**Assigned task**
Could you retype every line below exactly, omitting the images?

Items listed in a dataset
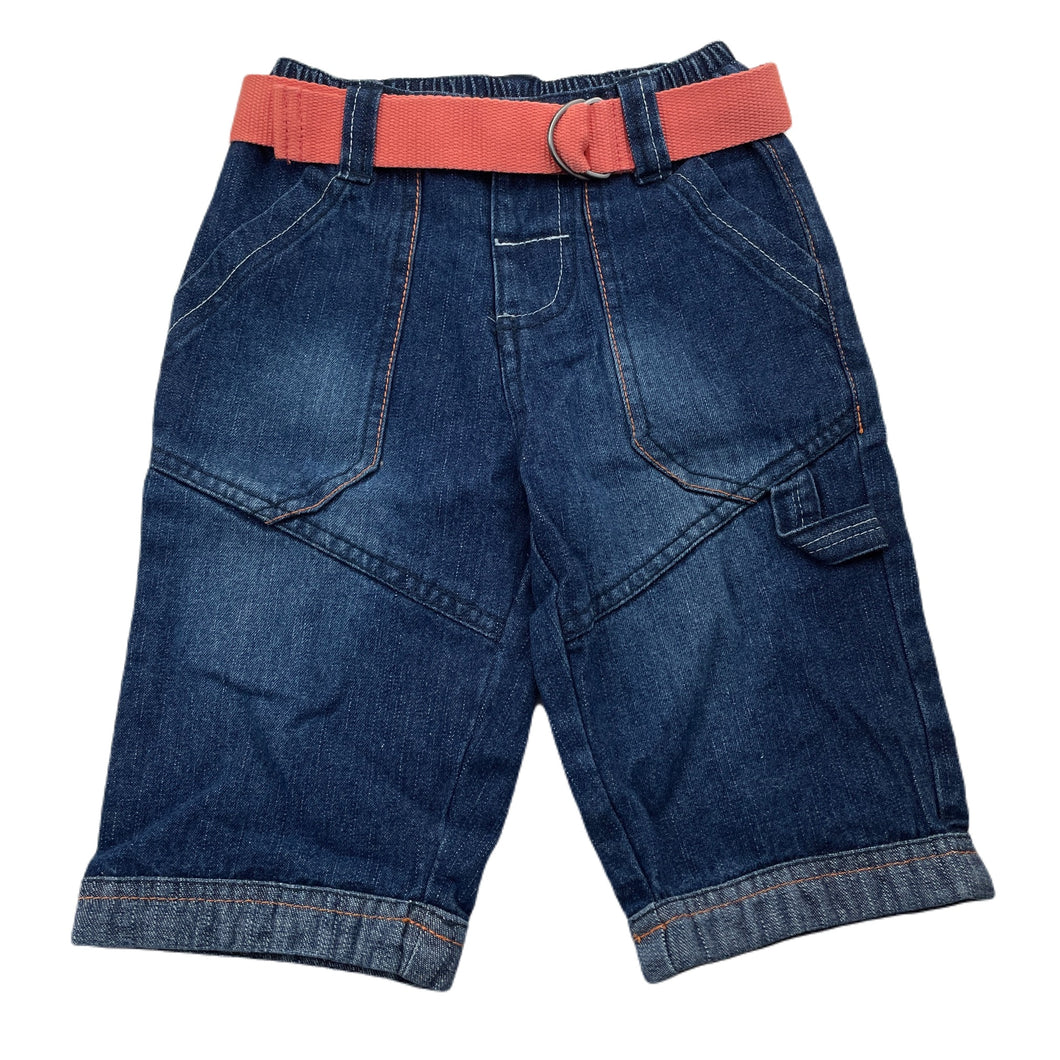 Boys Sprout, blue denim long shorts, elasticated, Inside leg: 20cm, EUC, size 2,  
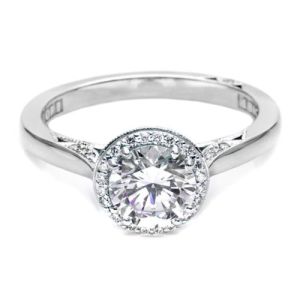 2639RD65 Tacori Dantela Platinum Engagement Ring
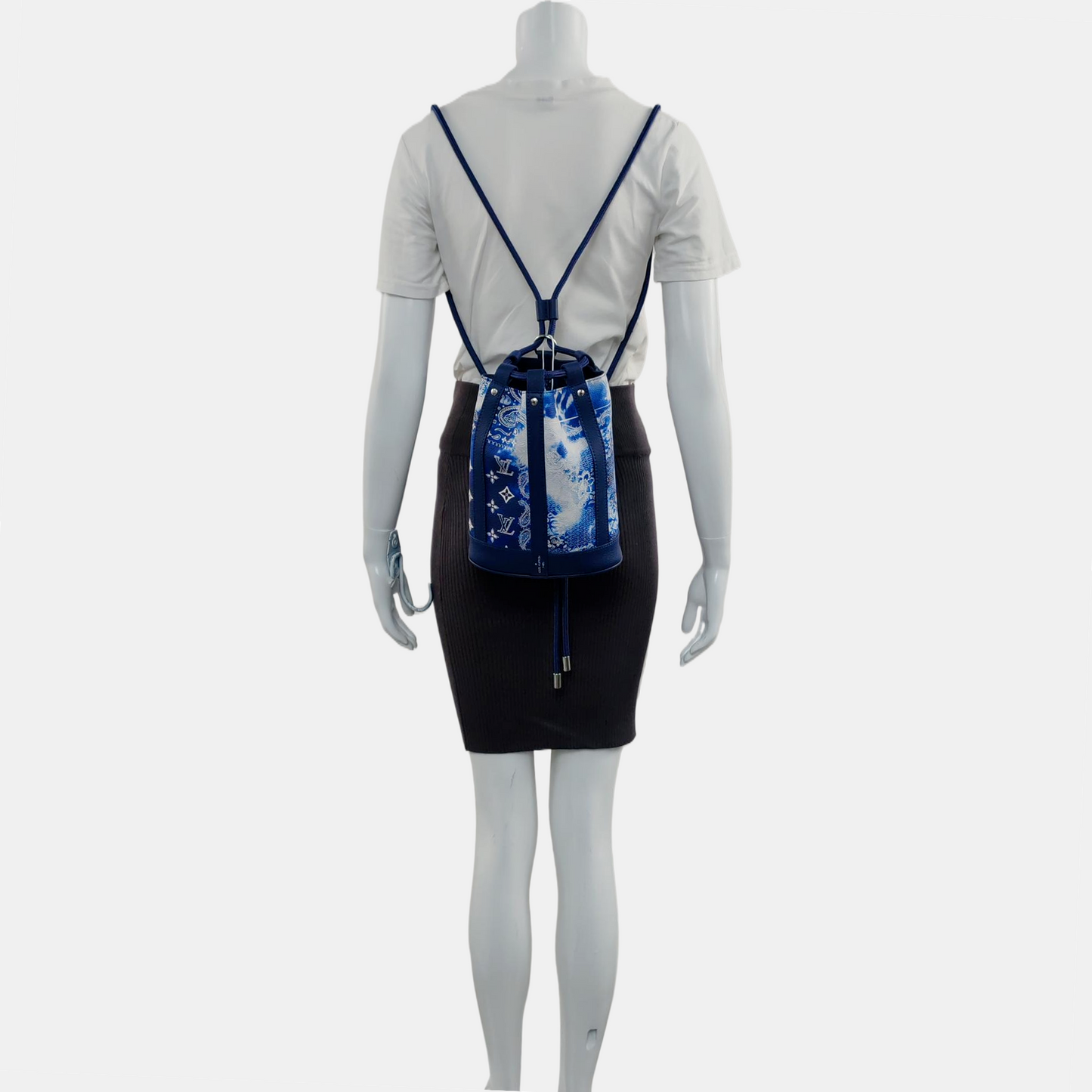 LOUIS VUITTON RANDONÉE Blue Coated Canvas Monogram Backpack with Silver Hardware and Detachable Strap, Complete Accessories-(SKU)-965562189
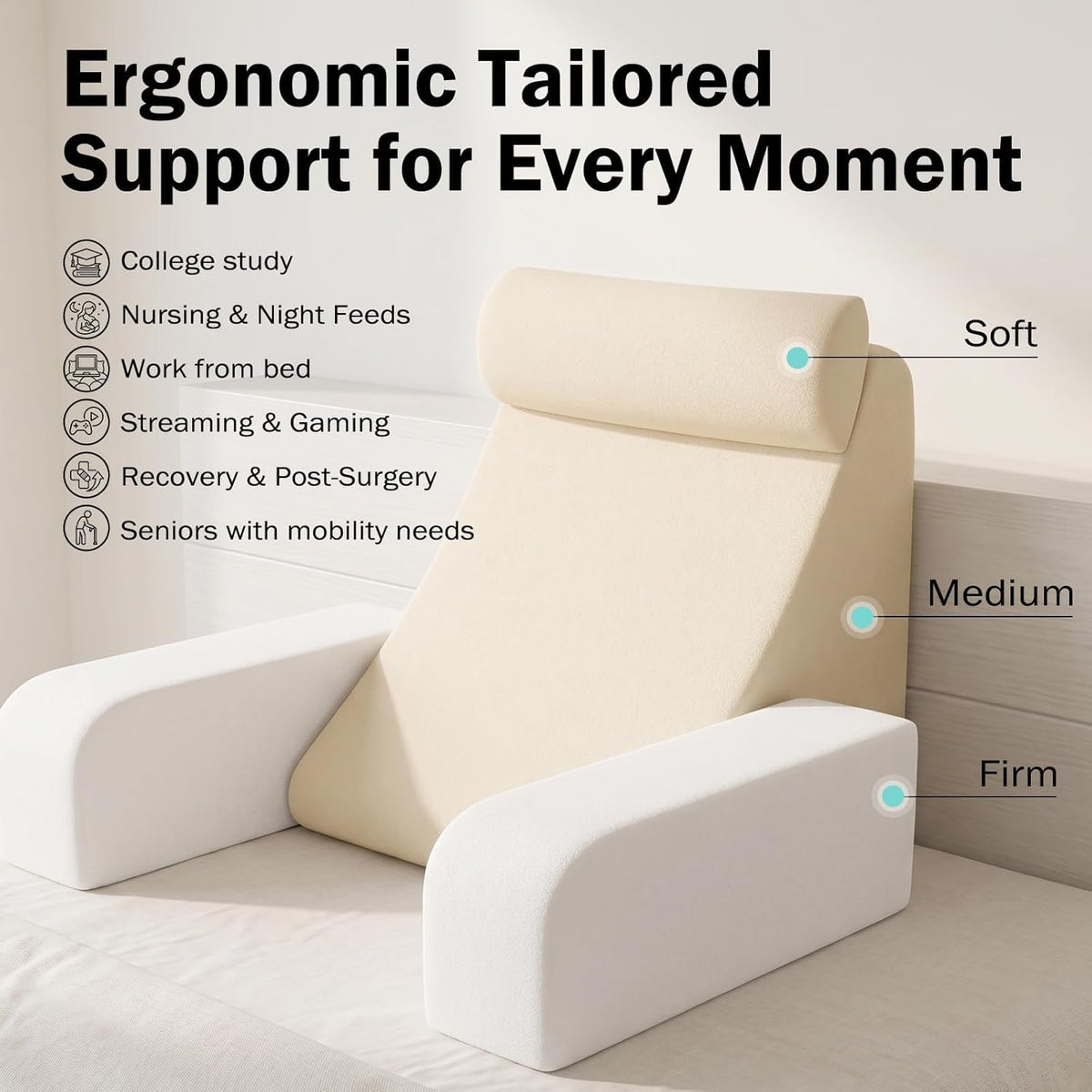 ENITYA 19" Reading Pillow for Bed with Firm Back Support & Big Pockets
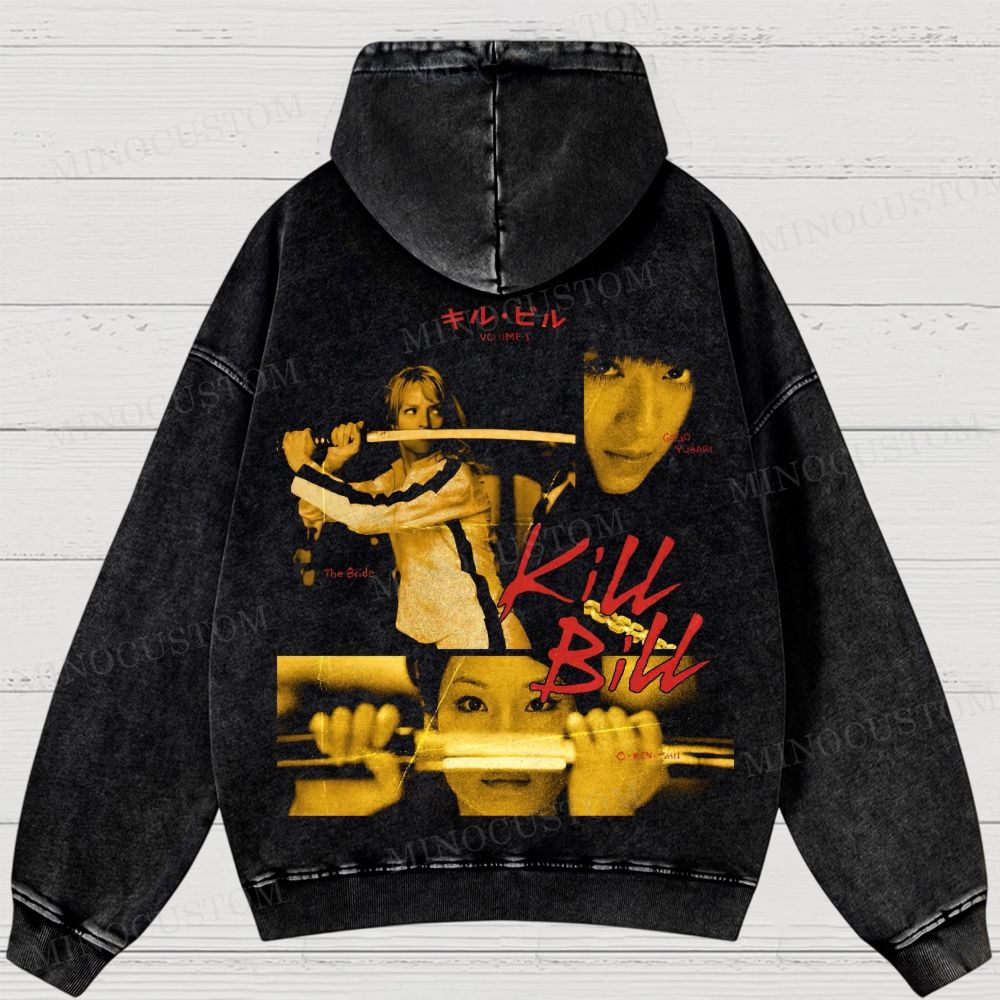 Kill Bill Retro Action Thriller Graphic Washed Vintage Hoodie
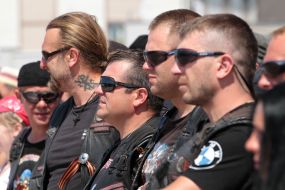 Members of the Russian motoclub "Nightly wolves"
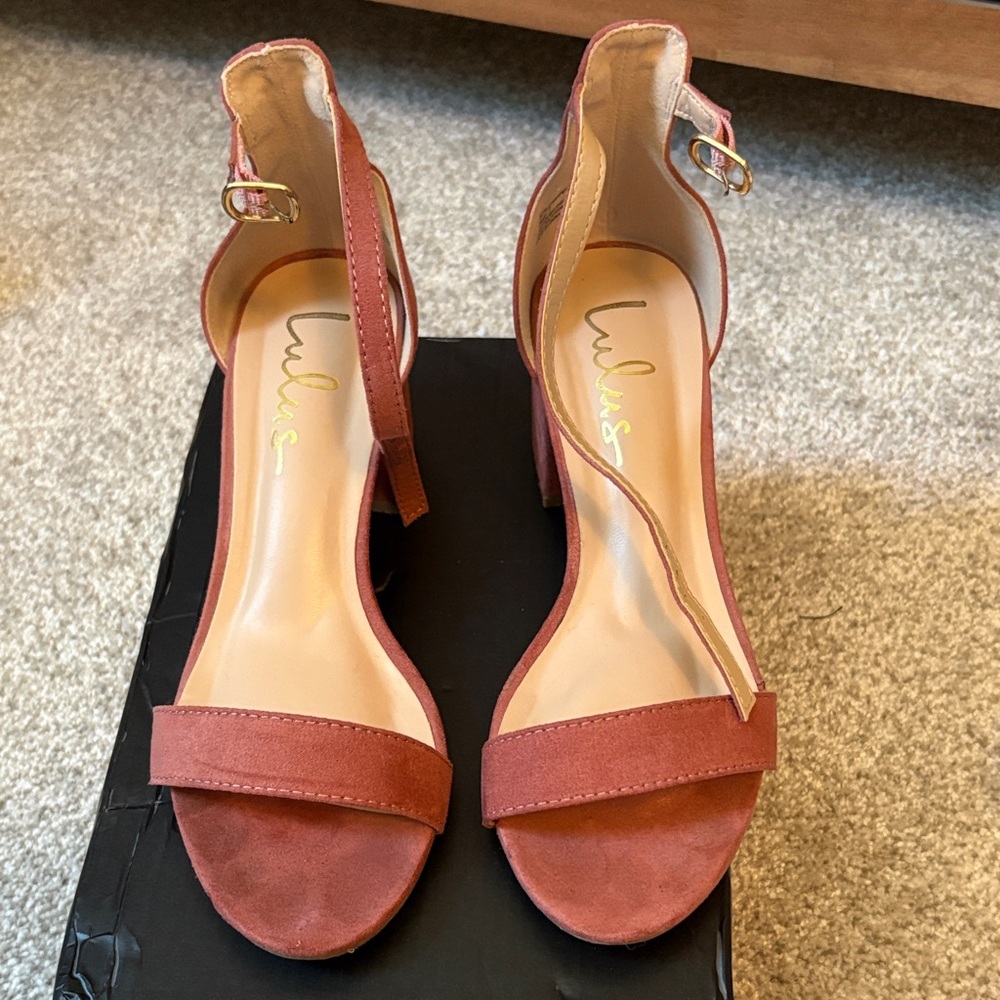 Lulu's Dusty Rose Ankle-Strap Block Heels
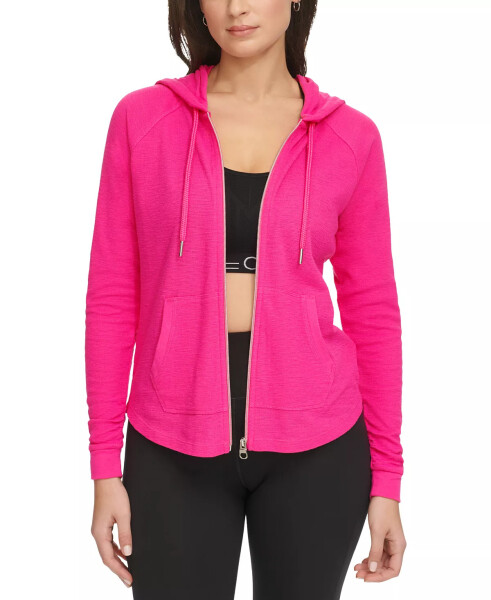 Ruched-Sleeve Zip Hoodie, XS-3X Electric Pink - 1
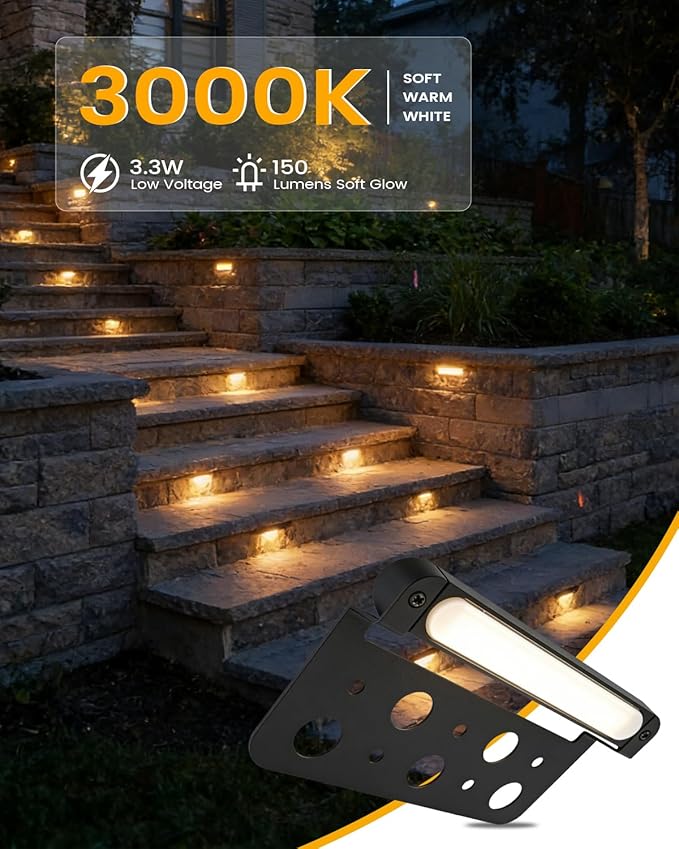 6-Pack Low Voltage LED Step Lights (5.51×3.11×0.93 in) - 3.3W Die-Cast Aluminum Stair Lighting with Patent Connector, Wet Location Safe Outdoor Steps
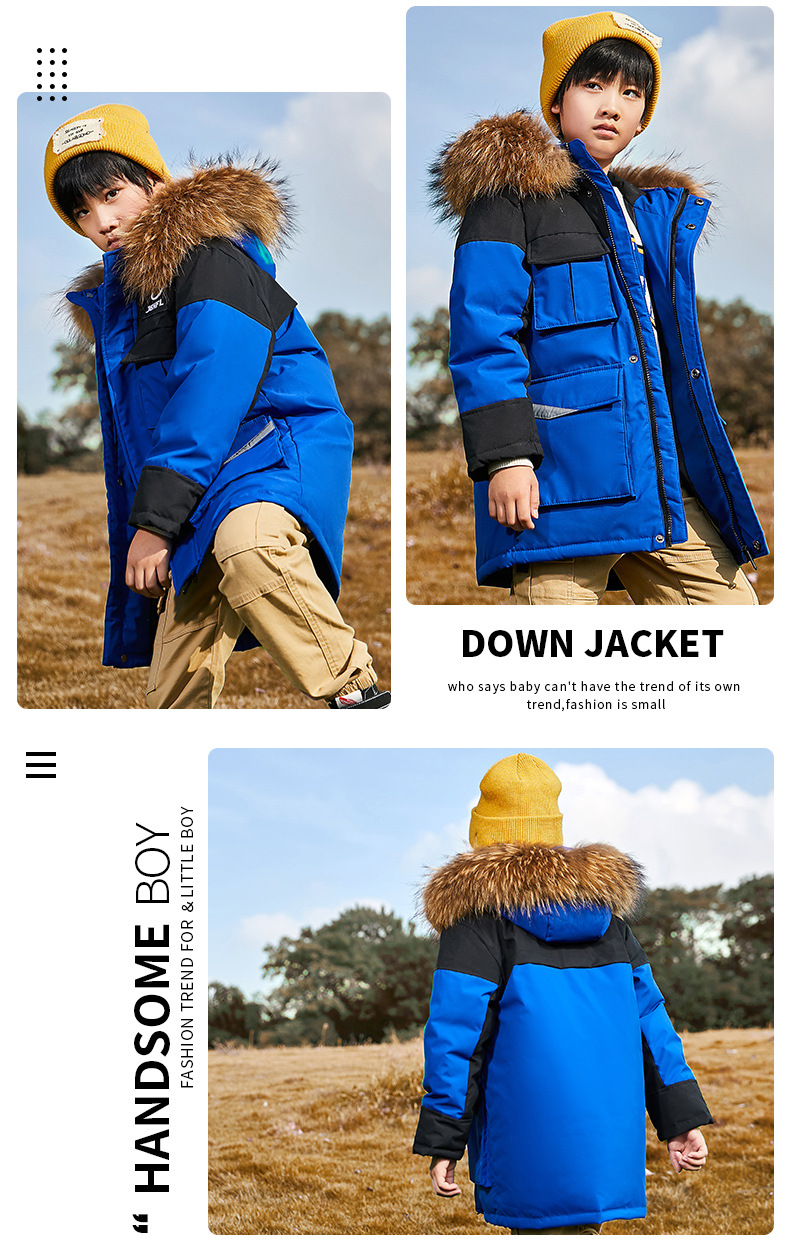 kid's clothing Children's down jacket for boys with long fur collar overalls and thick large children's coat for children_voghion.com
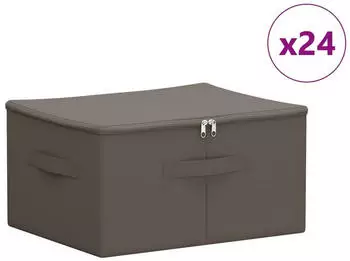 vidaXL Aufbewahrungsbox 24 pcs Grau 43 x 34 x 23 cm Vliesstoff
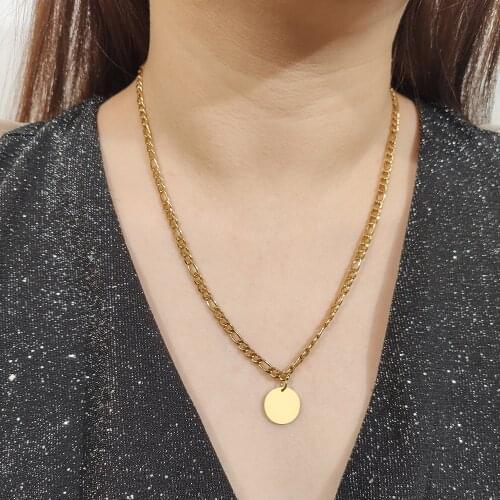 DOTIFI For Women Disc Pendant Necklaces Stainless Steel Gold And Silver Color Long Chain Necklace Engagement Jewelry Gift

**Task answer**
 Boys Sprout, blue denim long shorts, elasticated, Inside leg: 20cm, EUC, size 2,  
 2639RD65 Tacori Dantela Platinum Engagement Ring
 LOUIS VUITTON RANDONÉE Blue Coated Canvas Monogram Backpack with Silver Hardware and Detachable Strap, Complete Accessories-(SKU)-965562189
 ENITYA 19" Reading Pillow for Bed with Firm Back Support & Big Pockets
 Kill Bill Retro Action Thriller Graphic Washed Vintage Hoodie
 Members of the Russian motoclub "Nightly wolves"
 Lulu's Dusty Rose Ankle-Strap Block Heels
 Ruched-Sleeve Zip Hoodie, XS-3X Electric Pink - 1
 6-Pack Low Voltage LED Step Lights (5.51×3.11×0.93 in) - 3.3W Die-Cast Aluminum Stair Lighting with Patent Connector, Wet Location Safe Outdoor Steps
 kid's clothing Children's down jacket for boys with long fur collar overalls and thick large children's coat for children_voghion.com
 vidaXL Aufbewahrungsbox 24 pcs Grau 43 x 34 x 23 cm Vliesstoff
 DOTIFI For Women Disc Pendant Necklaces Stainless Steel Gold And Silver Color Long Chain Necklace Engagement Jewelry Gift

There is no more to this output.